This is indeed very surprising, since we rely on a async_hooks to do the tracking which is built into Node, so I would expect this to track things properly. Before trying sync were you already configuring the scope option or were you using the default? Also, can you try upgrading Node to the latest version? If this is not possible in production, at least just trying in any environment just to see if it fixes the issue and then we can try to understand why and see our options.

If upgrading Node doesn't work and you're not setting the scope option and relying on the default, then there is definitely a bug in either the tracer, Node or your app, so the next step will be trying to figure out which one it is. This will be somewhat involved and I can provide guidance, but first I want to make sure that the problem still exists with latest Node and no scope configured.

rochdev avatar Dec 10 '21 16:12 rochdev

Before trying sync were you already configuring the scope option or were you using the default?

We were just using the default (which I believe is async_resource with the version of Node that we're using).

We'll try to update the version of Node and see if that helps.

krosen040 avatar Dec 11 '21 08:12 krosen040

@krosen040 Were you able to try updating Node, and if yes, did it resolve the issue?

rochdev avatar Jan 10 '22 21:01 rochdev

@rochdev We haven't had the time yet, but I hope we'll be able to prioritize it in the near future. I'll make sure to give an update once we've done so.

krosen040 avatar Jan 12 '22 00:01 krosen040

@rochdev We're still seeing the same behavior after updating to Node v14.18.2.

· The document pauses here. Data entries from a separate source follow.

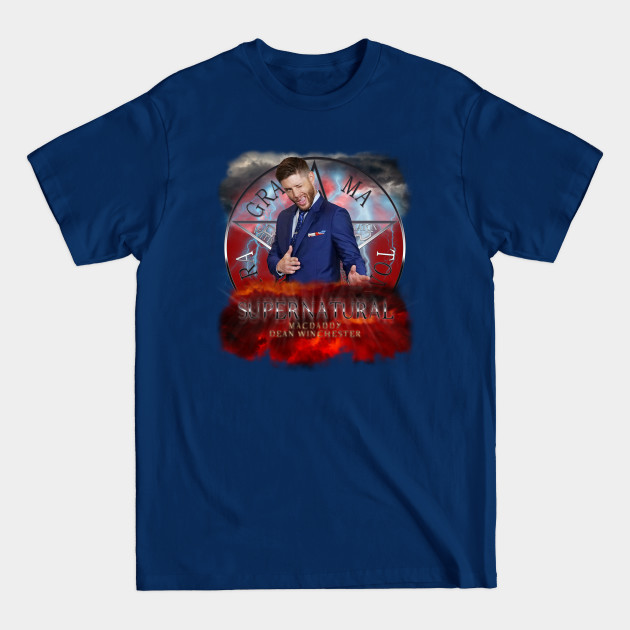 Discover Supernatural MacDaddy Dean Winchester - Supernatural Macdaddy Dean Winchester - T-Shirt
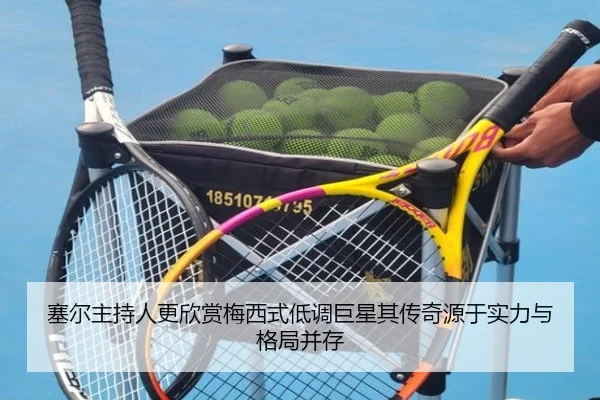 塞尔主持人更欣赏梅西式低调巨星其传奇源于实力与格局并存 - K1SPORTS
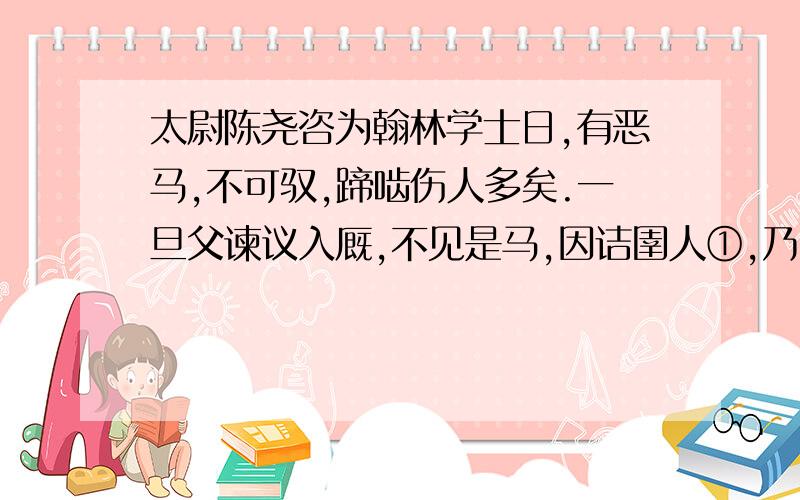 太尉陈尧咨为翰林学士日,有恶马,不可驭,蹄啮伤人多矣.一旦父谏议入厩,不见是马,因诘圉人①,乃曰：“内翰卖之商人矣.”谏议遽谓翰林曰“汝为贵臣,左右尚不能制,旅人②安能畜此?是移祸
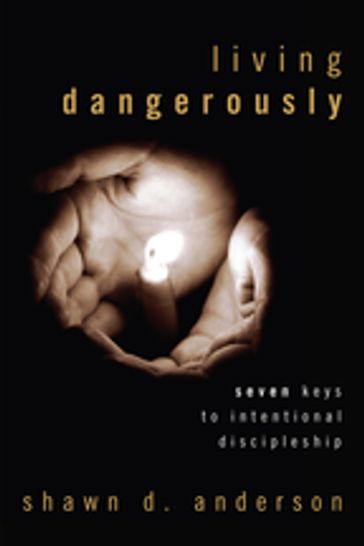 Living Dangerously - Shawn D. Anderson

krosen040 avatar Jan 13 '22 07:01 krosen040

Is this something you are able to reproduce with a snippet you could share? For example, if you can extract one of the problematic endpoints and remove your business logic so we can reproduce the issue with a small non-sensitive project it would be a lot easier for us to find the issue.

rochdev avatar Jan 14 '22 21:01 rochdev

@krosen040 Any chance of getting a small reproduction example as asked by @rochdev ? Also, are you using any userland promise libraries or in-memory queuing libraries? And if so, which versions.

bengl avatar Apr 14 '22 18:04 bengl

@bengl Apologies for the late reply. Unfortunately I don't have a reproduction example (I'm not really a Node.js developer and don't own the application in question, I'm sort of acting as the middle-man here), but I think we might have identified the problem.

The application uses https://github.com/yahoo/dnscache which wraps the dns module (that project is archived but our company has an internal fork). We noticed that if we don't use this library everything works as expected.

The dnscache library uses https://github.com/kriskowal/asap internally. Removing the usage of asap from dnscache (essentially removing the calls to next in this file) makes it work, so it seems like the asap library is the problem here. We're using version 2.0.6.

krosen040 avatar Apr 21 '22 06:04 krosen040

I'm going to close this issue as it's pretty old and we've had a few major versions come and go since it was reported. Please reopen if a recent version of the tracer still exhibits the same problem!

tlhunter avatar Dec 18 '23 19:12 tlhunter